- **Task description**:
Take the listing below and print exactly the lines starting at the line containing "SLHBERG LS KNIT V-NECK NOOS" and ending at the line containing "汚名 (1946) ケーリー・グラント イングリッド・バーグマン ヒッチ", both ends included, and no others.

- **The data**:
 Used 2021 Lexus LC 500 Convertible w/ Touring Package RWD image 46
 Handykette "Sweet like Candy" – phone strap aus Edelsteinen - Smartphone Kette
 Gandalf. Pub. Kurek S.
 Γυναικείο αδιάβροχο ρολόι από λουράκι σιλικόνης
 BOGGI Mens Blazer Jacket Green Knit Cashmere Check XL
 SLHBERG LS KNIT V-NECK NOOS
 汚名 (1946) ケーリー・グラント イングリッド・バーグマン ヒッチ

---

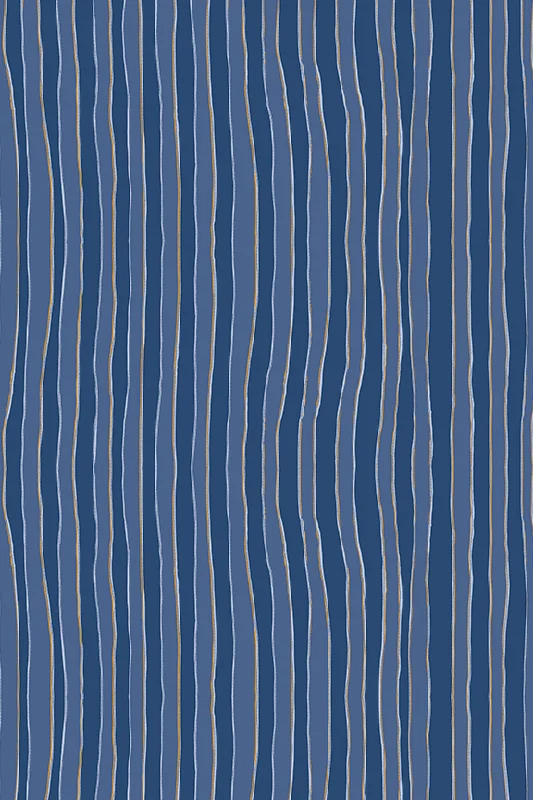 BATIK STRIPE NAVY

* * *

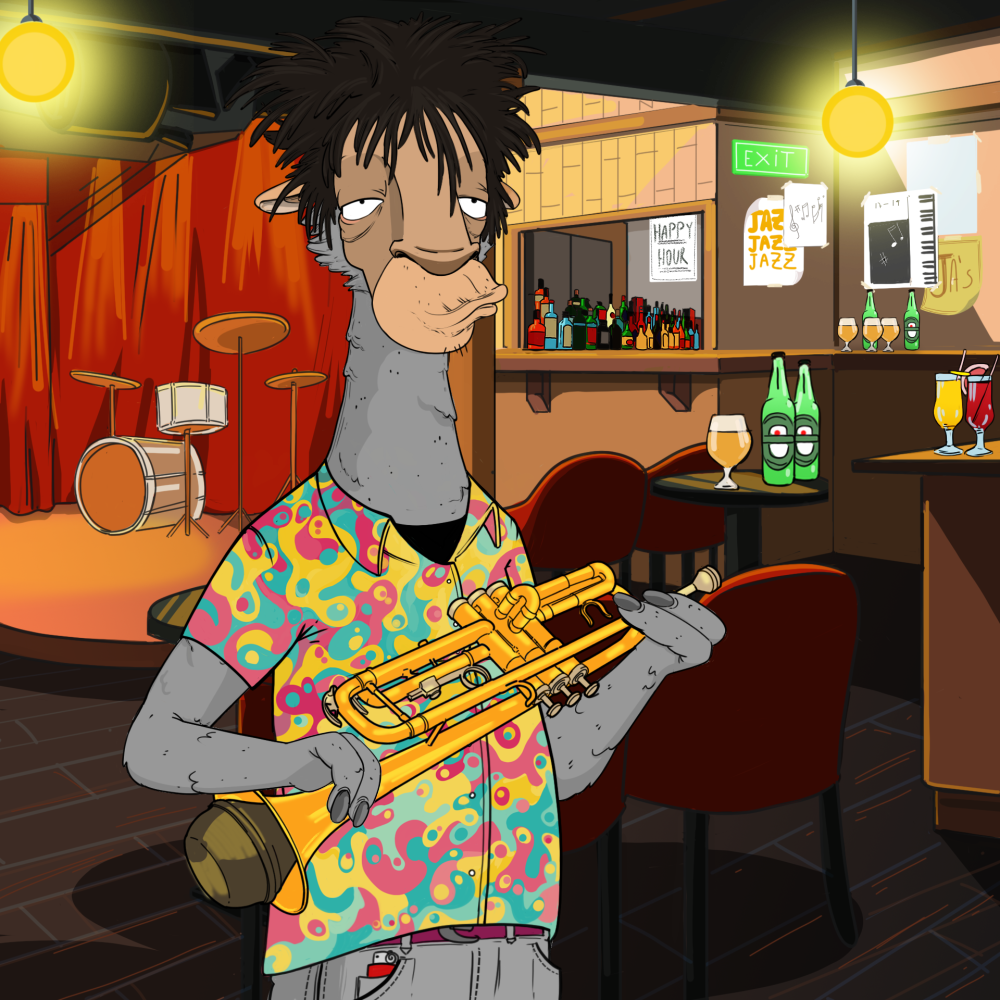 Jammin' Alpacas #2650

- **Answer space**:
 SLHBERG LS KNIT V-NECK NOOS
 汚名 (1946) ケーリー・グラント イングリッド・バーグマン ヒッチ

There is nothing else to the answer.